Cash and cash equivalents  $81,868 
Accounts receivable   83,533 
Inventory   136,062 
Prepaid expenses and other current assets   1,261 
Property, plant and equipment   165,109 
Operating lease assets   9,768 
Goodwill   1,596,083 
Other intangible assets   1,385,082 
Other noncurrent assets   3,697 
Accounts payable   (69,263)
Accrued rebates   (30,184)
Accrued expenses and other current liabilities   (44,766)
Deferred tax liabilities   (298,618)
Other noncurrent liabilities   (56,989)
Net assets acquired   2,962,643 
Less cash received   81,868 
Net consideration  $2,880,775 

 

The goodwill associated with this acquisition is the result of expected synergies from combining the operations of the acquired business with the Company’s operations, and intangible assets that do not qualify for separate recognition, such as an assembled workforce. $44,941 of the acquired goodwill is deductible for tax purposes.

 

The fair value of the identifiable intangible assets of $1,385,082, consisting primarily of customer relationships and trade names, was determined using the income approach. Specifically, a multi-period, excess earnings method was utilized for the customer relationships and the relief-from-royalty method was utilized for the trade name. The fair value of the customer relationships, $1,185,000, is being amortized based on the economic pattern of benefit over a period of 24 years; the fair value of the trade names, $200,000, is being amortized on a straight-line basis over a 26-year term.
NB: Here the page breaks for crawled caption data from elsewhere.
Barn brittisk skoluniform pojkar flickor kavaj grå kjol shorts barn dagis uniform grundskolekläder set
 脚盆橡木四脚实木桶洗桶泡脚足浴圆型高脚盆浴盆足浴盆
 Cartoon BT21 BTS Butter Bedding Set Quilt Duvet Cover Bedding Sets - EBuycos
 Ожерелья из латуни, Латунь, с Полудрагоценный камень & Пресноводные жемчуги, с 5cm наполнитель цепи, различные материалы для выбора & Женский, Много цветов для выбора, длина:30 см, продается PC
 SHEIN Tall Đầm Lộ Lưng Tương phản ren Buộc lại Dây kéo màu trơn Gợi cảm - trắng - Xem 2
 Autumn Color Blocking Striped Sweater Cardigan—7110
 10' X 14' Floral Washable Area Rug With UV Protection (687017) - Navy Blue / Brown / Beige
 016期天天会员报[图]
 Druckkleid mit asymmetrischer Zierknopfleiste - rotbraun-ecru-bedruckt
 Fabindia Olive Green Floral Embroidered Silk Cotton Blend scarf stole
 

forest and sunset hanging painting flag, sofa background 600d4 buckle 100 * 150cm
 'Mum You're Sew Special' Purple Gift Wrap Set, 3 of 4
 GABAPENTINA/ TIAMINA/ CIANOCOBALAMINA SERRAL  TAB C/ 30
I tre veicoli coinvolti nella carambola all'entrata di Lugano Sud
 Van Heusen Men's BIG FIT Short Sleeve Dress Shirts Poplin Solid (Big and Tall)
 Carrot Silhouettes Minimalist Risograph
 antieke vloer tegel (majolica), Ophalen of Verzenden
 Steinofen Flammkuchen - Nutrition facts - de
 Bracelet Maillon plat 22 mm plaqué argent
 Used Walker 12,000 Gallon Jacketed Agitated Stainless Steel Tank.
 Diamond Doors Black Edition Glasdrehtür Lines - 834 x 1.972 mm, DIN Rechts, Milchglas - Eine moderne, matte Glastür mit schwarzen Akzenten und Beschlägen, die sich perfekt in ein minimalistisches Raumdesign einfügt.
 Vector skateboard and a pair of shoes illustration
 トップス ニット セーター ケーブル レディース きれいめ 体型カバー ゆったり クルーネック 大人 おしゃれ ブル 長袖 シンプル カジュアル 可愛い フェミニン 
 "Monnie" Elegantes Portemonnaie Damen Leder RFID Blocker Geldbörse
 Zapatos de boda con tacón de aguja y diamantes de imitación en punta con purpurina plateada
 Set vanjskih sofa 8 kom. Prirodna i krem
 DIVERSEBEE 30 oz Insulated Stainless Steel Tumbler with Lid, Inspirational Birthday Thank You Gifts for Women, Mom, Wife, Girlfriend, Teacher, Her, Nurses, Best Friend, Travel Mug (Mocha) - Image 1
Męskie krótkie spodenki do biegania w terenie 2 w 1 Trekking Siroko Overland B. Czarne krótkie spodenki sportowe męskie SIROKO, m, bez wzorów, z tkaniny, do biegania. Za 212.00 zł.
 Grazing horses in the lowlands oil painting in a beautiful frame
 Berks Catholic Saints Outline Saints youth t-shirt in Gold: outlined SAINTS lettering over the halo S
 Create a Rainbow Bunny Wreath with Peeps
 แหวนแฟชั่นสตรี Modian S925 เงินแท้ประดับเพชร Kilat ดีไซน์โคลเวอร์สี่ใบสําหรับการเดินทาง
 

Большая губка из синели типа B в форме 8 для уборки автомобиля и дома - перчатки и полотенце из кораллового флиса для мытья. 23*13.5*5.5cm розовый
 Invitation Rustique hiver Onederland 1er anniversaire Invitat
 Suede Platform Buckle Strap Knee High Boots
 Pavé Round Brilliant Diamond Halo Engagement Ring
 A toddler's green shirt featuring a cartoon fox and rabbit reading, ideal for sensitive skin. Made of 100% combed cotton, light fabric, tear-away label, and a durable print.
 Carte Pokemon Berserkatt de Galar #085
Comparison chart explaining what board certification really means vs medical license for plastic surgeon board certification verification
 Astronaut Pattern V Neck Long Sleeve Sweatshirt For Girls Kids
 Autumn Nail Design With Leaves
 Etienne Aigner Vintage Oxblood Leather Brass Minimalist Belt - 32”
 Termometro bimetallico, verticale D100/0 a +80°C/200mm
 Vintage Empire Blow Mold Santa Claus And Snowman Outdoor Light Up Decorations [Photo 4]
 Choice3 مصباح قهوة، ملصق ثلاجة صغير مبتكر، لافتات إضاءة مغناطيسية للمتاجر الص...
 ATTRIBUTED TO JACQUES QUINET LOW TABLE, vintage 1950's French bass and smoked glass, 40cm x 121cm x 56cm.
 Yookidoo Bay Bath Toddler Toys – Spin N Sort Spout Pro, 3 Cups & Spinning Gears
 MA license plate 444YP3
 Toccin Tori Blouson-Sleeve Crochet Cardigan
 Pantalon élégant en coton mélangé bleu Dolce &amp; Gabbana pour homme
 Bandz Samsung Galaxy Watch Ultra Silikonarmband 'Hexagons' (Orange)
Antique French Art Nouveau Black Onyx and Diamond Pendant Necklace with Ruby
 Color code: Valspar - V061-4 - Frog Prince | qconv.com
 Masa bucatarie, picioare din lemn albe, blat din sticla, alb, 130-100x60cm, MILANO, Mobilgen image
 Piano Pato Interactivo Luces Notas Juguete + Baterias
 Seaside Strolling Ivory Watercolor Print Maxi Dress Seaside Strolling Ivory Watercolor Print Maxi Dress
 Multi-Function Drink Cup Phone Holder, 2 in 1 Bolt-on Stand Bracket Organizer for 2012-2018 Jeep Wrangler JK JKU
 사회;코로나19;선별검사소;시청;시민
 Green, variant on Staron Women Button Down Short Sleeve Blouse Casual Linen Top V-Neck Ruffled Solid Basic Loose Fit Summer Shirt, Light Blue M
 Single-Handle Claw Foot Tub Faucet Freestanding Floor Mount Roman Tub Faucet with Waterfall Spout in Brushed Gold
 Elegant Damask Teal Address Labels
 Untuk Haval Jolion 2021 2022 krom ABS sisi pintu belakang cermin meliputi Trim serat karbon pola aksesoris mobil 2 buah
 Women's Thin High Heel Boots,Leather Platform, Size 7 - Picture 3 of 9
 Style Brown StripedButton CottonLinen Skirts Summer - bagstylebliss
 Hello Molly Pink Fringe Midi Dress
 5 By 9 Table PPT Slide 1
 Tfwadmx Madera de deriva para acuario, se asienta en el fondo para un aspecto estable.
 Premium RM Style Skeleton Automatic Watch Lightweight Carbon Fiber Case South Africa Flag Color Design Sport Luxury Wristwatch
These amortization periods represent the estimated useful lives of the assets.

 

The results of operations for Dodge have been included in the Company’s financial statements for the period subsequent to the completion of the acquisition on November 1, 2021. Dodge contributed $174,765 of revenue and $37,532 of operating income for the three months ended December 31, 2022. Dodge contributed $544,505 of revenue and $106,178 of operating income for the nine months ended December 31, 2022. Dodge contributed $109,976 of revenue and $5,348 of operating income for both the three and nine months ended January 1, 2022.

 

The following table reflects the unaudited pro forma operating results of the Company for the three- and nine-month fiscal periods ended January 1, 2022, which gives effect to the acquisition of Dodge as if it had been acquired on March 29, 2020. The pro forma results are based on assumptions that the Company believes are reasonable under the circumstances. The pro forma results are not necessarily indicative of the operating results that would have occurred had the acquisition been effective March 29, 2020, nor are they intended to be indicative of results that may occur in the future. The underlying pro forma information includes the historical financial results of the Company and the acquired business adjusted for certain items such as amortization of acquired intangible assets and acquisition costs incurred. The pro forma information does not include the effects of any synergies, cost reduction initiatives or anticipated integration costs related to the acquisitions.

 

   Three Months Ended   Nine Months Ended 
   January 1, 2022   January 1, 2022 
         
Net sales  $319,100   $968,680 
Net income  $18,567   $62,990 

 

Upon closing, the Company entered into a transition services agreement (the “Dodge TSA”) with ABB, pursuant to which ABB agreed to support the information technology, human resources and benefits, finance, tax and treasury functions of the Dodge business for six to 12 months. Substantially all services under the Dodge TSA terminated on November 1, 2022. Costs associated with the Dodge TSA were $1,241 and $8,945 for the three and nine months ended December 31, 2022, respectively, and are included in other, net on the Company’s consolidated statement of operations. Since the purchase of the Dodge business on November 1, 2021, costs associated with the Dodge TSA were $16,948 through December 31, 2022.